_TASK TO CARRY OUT:_ Exclude the pictures and reproduce the remaining data exactly as written.

_GIVEN DATA:_
+ + + + + + +

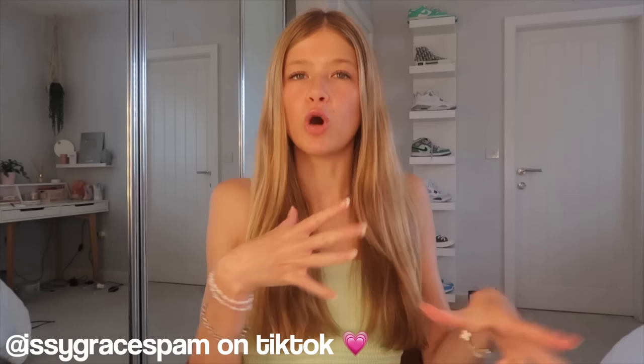Hey, welcome back to my channel! In today's video I'm doing another products I recommend video. I did one of these about two to three months ago, but since then — because I have an addiction to buying makeup and skincare — I found some really good new products. A lot of these are viral on TikTok, so I'll be telling you whether they're worth buying.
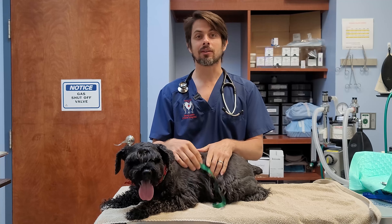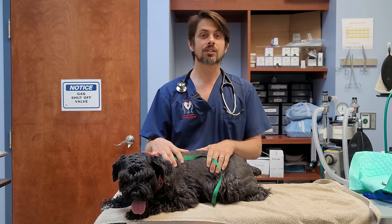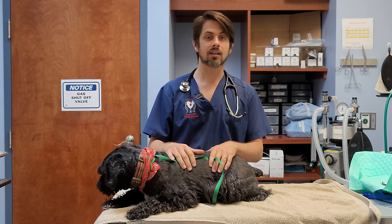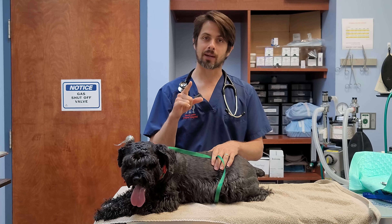Hey guys, my name is Dr. Lara. Today I am here with Oreo. Oreo actually came in for a physical exam, part of his annuals, but we found some abnormal testicles on him. So the topic of today is going to be testicular tumors. Stay tuned and we'll get a hold of those bad boys shortly.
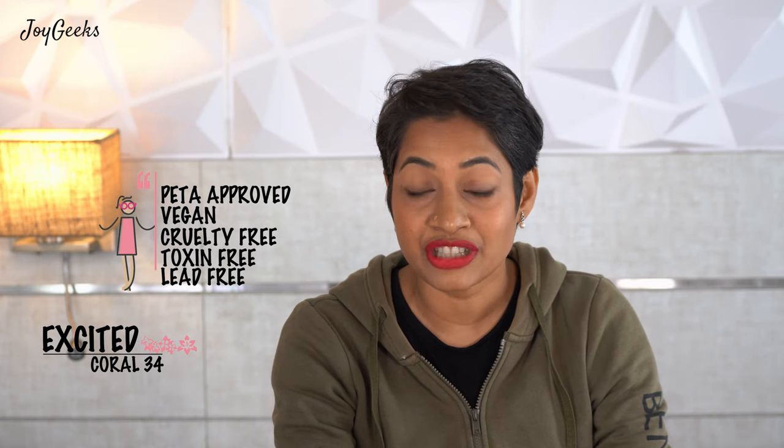This lipstick is also wonderful because it is PETA approved, it is vegan, it is cruelty free, it is toxin free, and it is also lead free. Now, these are things that will really feel very safe when you're applying on your lips.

+ + + + + + +

_SOLUTION FOR THIS EXERCISE:_
Hey, welcome back to my channel! In today's video I'm doing another products I recommend video. I did one of these about two to three months ago, but since then — because I have an addiction to buying makeup and skincare — I found some really good new products. A lot of these are viral on TikTok, so I'll be telling you whether they're worth buying.
Hey guys, my name is Dr. Lara. Today I am here with Oreo. Oreo actually came in for a physical exam, part of his annuals, but we found some abnormal testicles on him. So the topic of today is going to be testicular tumors. Stay tuned and we'll get a hold of those bad boys shortly.
This lipstick is also wonderful because it is PETA approved, it is vegan, it is cruelty free, it is toxin free, and it is also lead free. Now, these are things that will really feel very safe when you're applying on your lips.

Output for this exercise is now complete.